By: Travis Allen
There’s something sort of lacking this time around, isn’t there? It’s like the collective Magic community came in with this set of expectations about what Battle for Zendikar should look like, and the set has mostly failed to meet those expectations.
Where the original Zendikar had cards like Lotus Cobra, which at the time was discussed as dethroning Tarmogoyf as the green two-drop, as well as what were exciting cards like Roil Elemental, Oracle of Mul Daya, Obsidian Fireheart, and Warren Instigator, the new Zendikar has a three-mana sorcery-speed Lightning Bolt. Many of the cards feel like an extra mana was tacked on to the casting cost.
Is this Wizards turning down the power level on Standard? Quite possibly. It’s a disappointing place to do it, though. I would have much preferred Khans of Tarkir, a brand-new setting, to be the plane that brought the tenor down a few pitches, rather than Zendikar, a plane remembered fondly as one of intense power levels and exciting cards.
On top of that, the Eldrazi have been a complete miss. While the original designs were certainly not flawlessly executed, our memory of them speaks to their resonance: they were weird, unfathomable, scary, and eye-poppingly powerful. Sure, there were cards like Dread Drone, but we’ve mostly forgotten about those. Instead, we remember the home runs. The big three god-legend mythic monsters, plus Eldrazi Conscription, All is Dust, Spawnsire of Ulamog, and the stellarly named It That Betrays. This time around we get… an X/X for X? Two 10/10s for 10? A 4/5 for 5 that comes with 3 scions? Void Winnower is amusing, I suppose.
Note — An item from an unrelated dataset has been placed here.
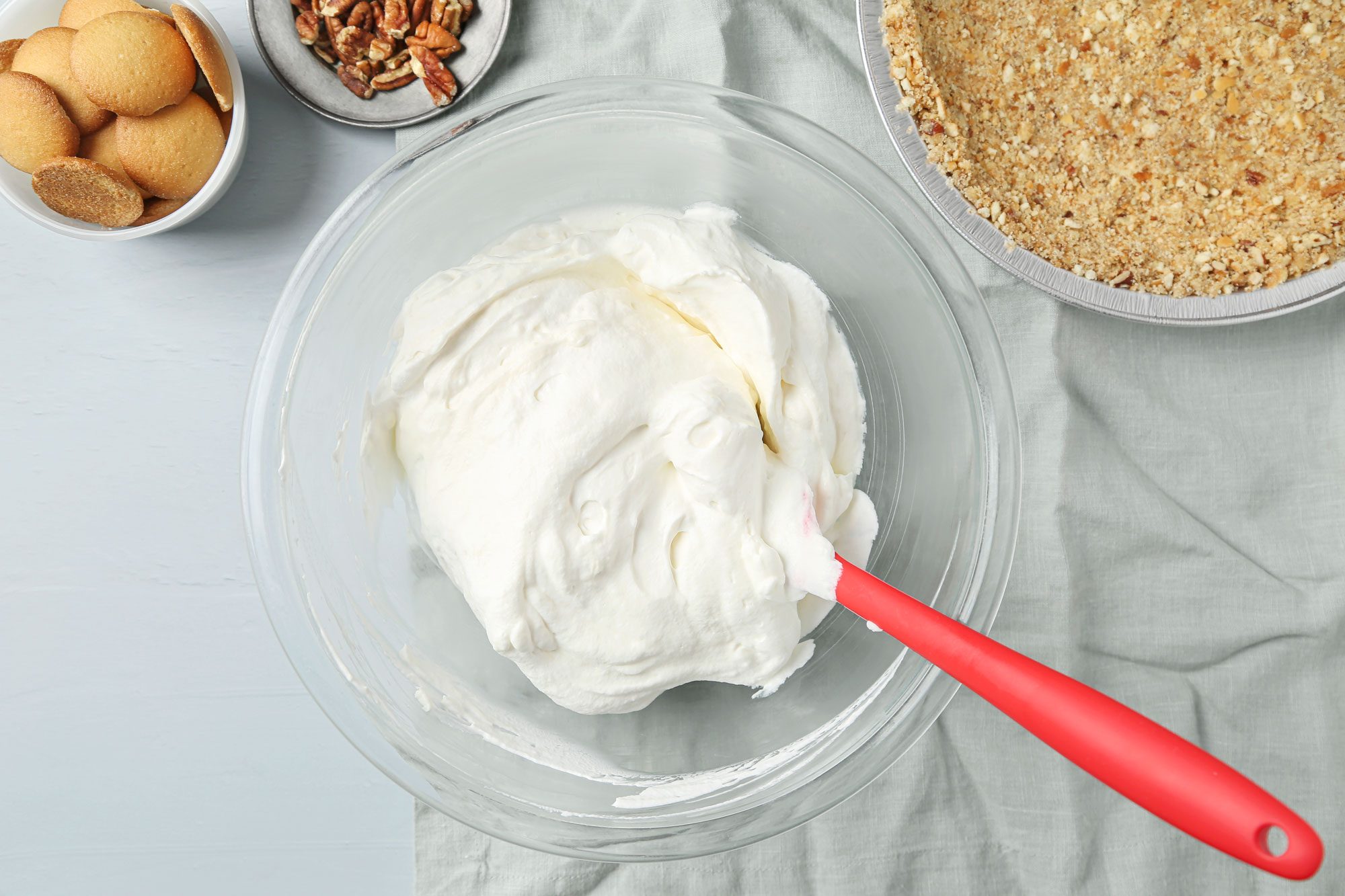 overhead shot of a glass bowl filled with whipped cream cheese mixture and a red spatula sits on a gray cloth next to bowls of vanilla wafers, chopped pecans, and a prepared graham cracker crust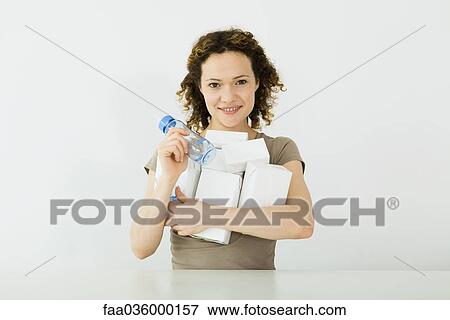 Woman holding an armful of milk cartons and baby bottle, smiling at camera View Large Photo Image Stock Photo - Woman holding an armful of milk cartons and baby bottle, smiling at camera. Fotosearch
Oblivion Sower and Ulamog, the Ceaseless Hunger are the only two that are remotely interesting. Sower eating cards off the top of your opponent’s library on cast and then using those cards to further your own board state is wholly Eldrazi in manner, but he is sadly the only one to do that. Wizards did a decent job with Ulamog. His cast trigger is even better than the last time around, and his attack trigger, while not as powerful as annihilator 4, is both more fair and more flavorful.
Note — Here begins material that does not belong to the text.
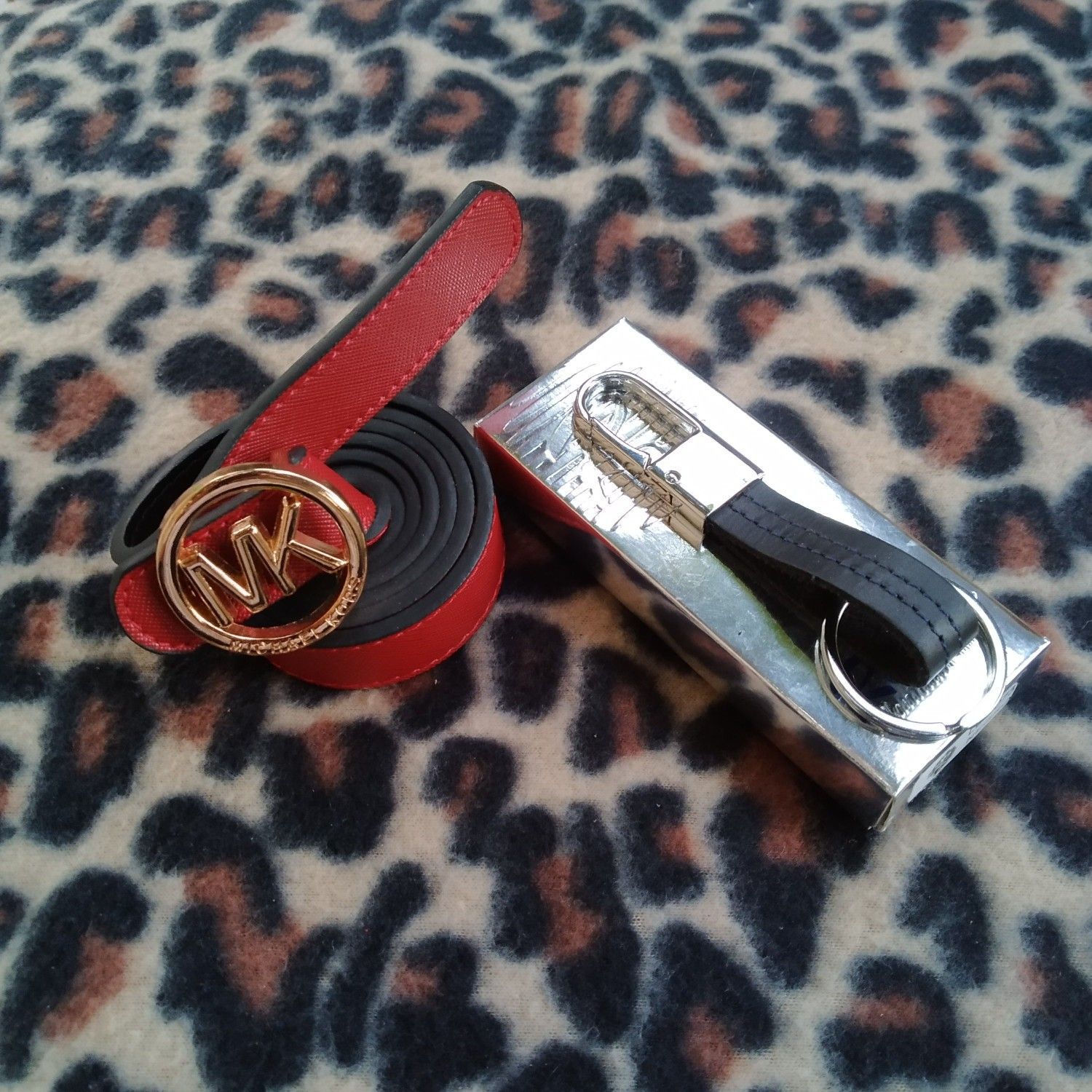 Women Mk belt and Rivera key ring.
Multicolor Eldrazi are just an absolute mess of text, and totally ungrokable. Ingest is buried in text boxes, and I saw multiple people fail to notice that creatures had the keyword because there was just so much going on in these cards. Even if those creatures end up playing well, they’re so wordy without being powerful that they defy any sort of emotional connection. We’re forced to evaluate them by thinking about them, rather than feeling about them.
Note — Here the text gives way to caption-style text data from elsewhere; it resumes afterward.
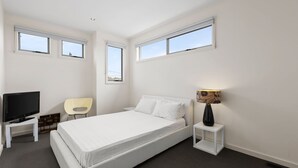 A modern hotel room with a large bed, a TV, a chair, and a lamp.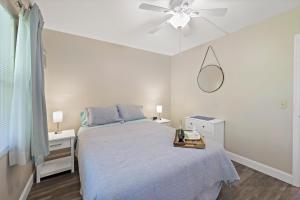 a white bedroom with a bed and a ceiling fan at Quaint condo steps to the beach and dining in Marco Island +17 photos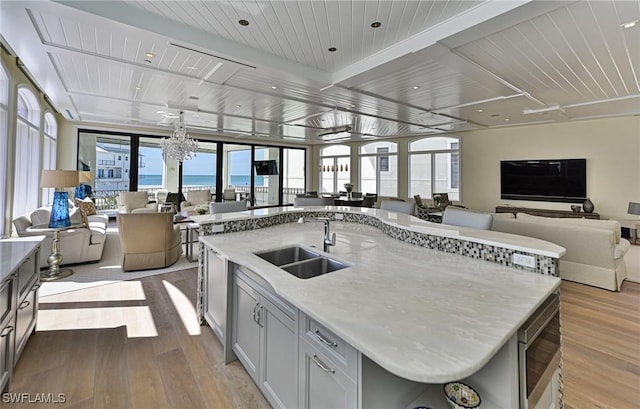 kitchen with a center island with sink, light wood-type flooring, open floor plan, and a sink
Whatever. I won’t rag on them anymore (today). What I’d like to focus on instead are the doors that BFZ opens for other cards, particularly combo pieces. The original Zendikar brought us Vampire Hexmage, which jumped Dark Depths from $1.50 to $50, dominated a season of Extended, made Gerry T a household name, and got the combo banned in Modern. Scapeshift, a tier-1.5 Modern deck, was also enabled by Zendikar block with the printing of Valakut, the Molten Pinnacle. Jeskai Ascendancy combo was enabled by the eponymous card in Khans of Tarkir. Birthing Pod in New Phyrexia made multiple value cards suddenly Modern playable. Amulet of Vigor turned EDH staples like Karoo lands and Azusa, Lost but Seeking into boogeymen. Mirrodin block gave us… all of Affinity.